- Kurmun Location in West Bengal, India Kurmun Kurmun (India)
- Coordinates: 23°20′15″N 87°58′47″E﻿ / ﻿23.3375°N 87.9798°E
- Country: India
- State: West Bengal
- District: Purba Bardhaman

Population (2011)
- • Total: 8,478

Languages
- • Official: Bengali, English
- Time zone: UTC+5:30 (IST)
- PIN: 713102
- Telephone/STD code: 0342
- Lok Sabha constituency: Bardhaman-Durgapur
- Vidhan Sabha constituency: Bhatar
- Website: purbabardhaman.gov.in

= Kurmun =

Kurmun (also spelled Kurhmun, Kurman) is a village in Burdwan I CD block in Bardhaman Sadar North subdivision of Purba Bardhaman district in the state of West Bengal, India.

==Geography==

===Location===
Kurmun is located at .

===Urbanisation===
73.58% of the population of Bardhaman Sadar North subdivision live in the rural areas. Only 26.42% of the population live in the urban areas, and that is the highest proportion of urban population amongst the four subdivisions in Purba Bardhaman district. The map alongside presents some of the notable locations in the subdivision.

==Demographics==
As per the 2011 Census of India Kurmun had a total population of 8,478, of which 4,256 (50%) were males and 4,256 (50%) were females. Population below 6 years was 796. The total number of literates in Kurmun was 5,512 (71.75% of the population over 6 years).

==Transport==
State Highway 8 running from Santaldih (in Purulia district) to Majhdia (in Nadia district) passes through Kurmun

==Education==
Kurmun High school is a coeducational Bengali-medium higher secondary school. Established in 1914, it has facilities for teaching from class V to XII. It is housed in a government building, it has 16 computers, a library with 6,000 books and a play ground.

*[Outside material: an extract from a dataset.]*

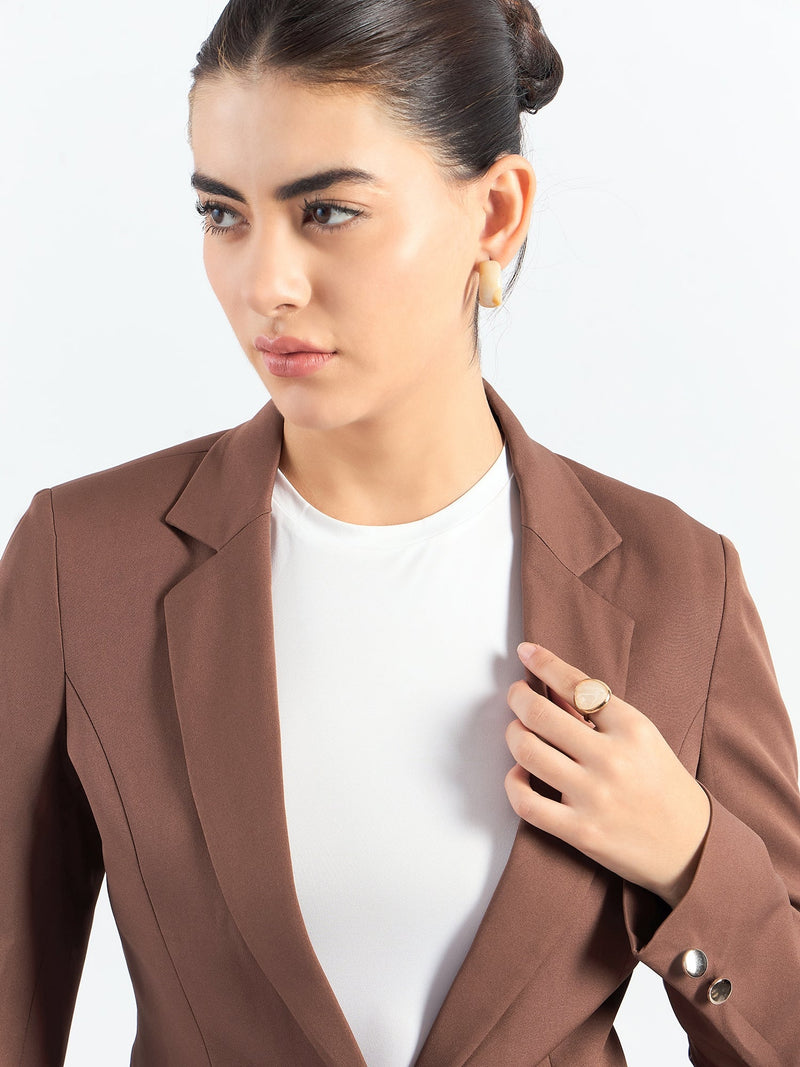 Brown Tailored Fit Notched Lapel Blazer In Stretchable Fabric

Kurmun also has a library named "Udayan Sangha Rural Library" with around 10000 books and some ancient books called 'Punthi'

==Culture==
Kurmun has two old temples, the Ishaneswar Shiva temple with a lingam in the shape of a trishula and Kalachand Dharmaraj temple in Buri Gachtala. Earlier, Kurmun used to celebrate two Gajan utsabs – Ishaneswar Gajan in the Bengali month of Choitro and Kalachand Gajan during Buddha Purnima. Now there is a combined Gajan festival in Choitro, celebrated by all castes in the village. In the earlier days there used to be a dance with a nara mundo (severed human head), that was collected from a dead body and painted in bright colours, this tradition still continues. In the Ishaneswar Shiva temple there is an old stone idol of Saptamatrika Indrani. It is a rather unusual combination of Shiva and Shakti worship.

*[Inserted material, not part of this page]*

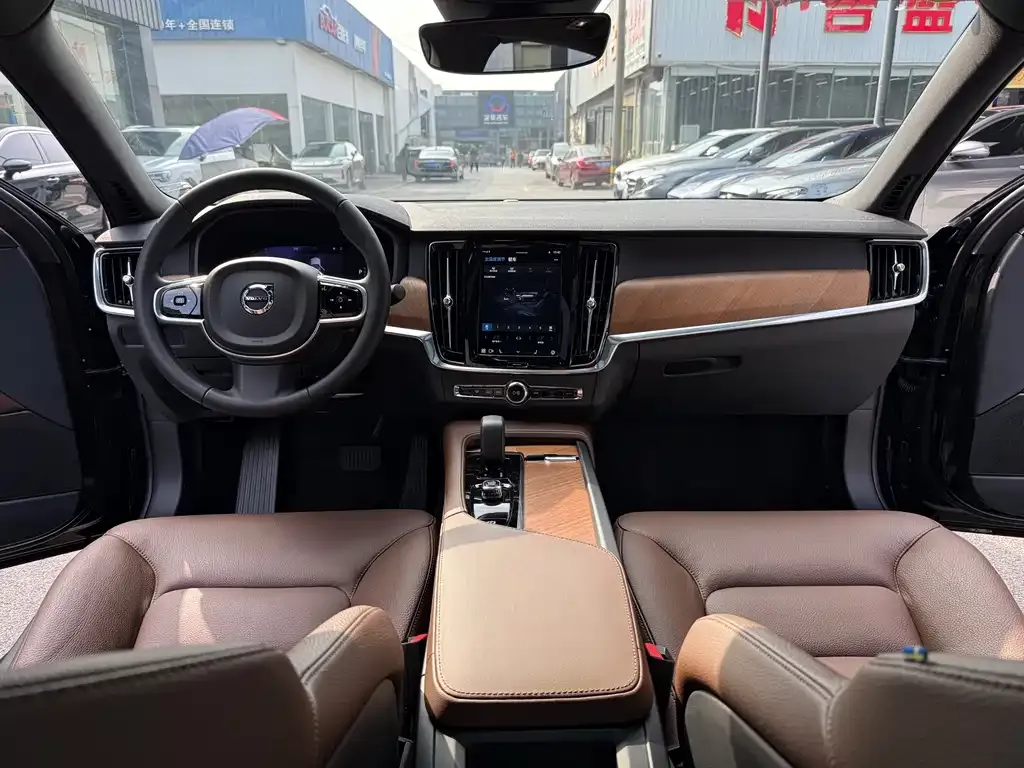 Volvo S90 2025 из CN, фото 6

In Kurmun, there is one Church at Arachiya More, where Christmas is celebrated by Christians.

In Palashi (also called Sonapalashi), an adjacent village, there is a Buro Shiva temple, constructed in 1872. It has an attractive terracotta façade. Lal Behari Dey, of Bengal Peasant Life (earlier named Govinda Samanta) fame was born at Palashi.

==Healthcare==
Kurmun block primary health centre at Kurmun (with 10 beds) is the main medical facility in Burdwan I CD block. There are primary health centres at Baghat (with 4 beds) and Jamar, PO Korar (with 10 beds). In 2012, the average monthly patients attending Kurmun BPHC were 4,880 and average monthly admissions were 112. It handled 799 annual emergency admissions.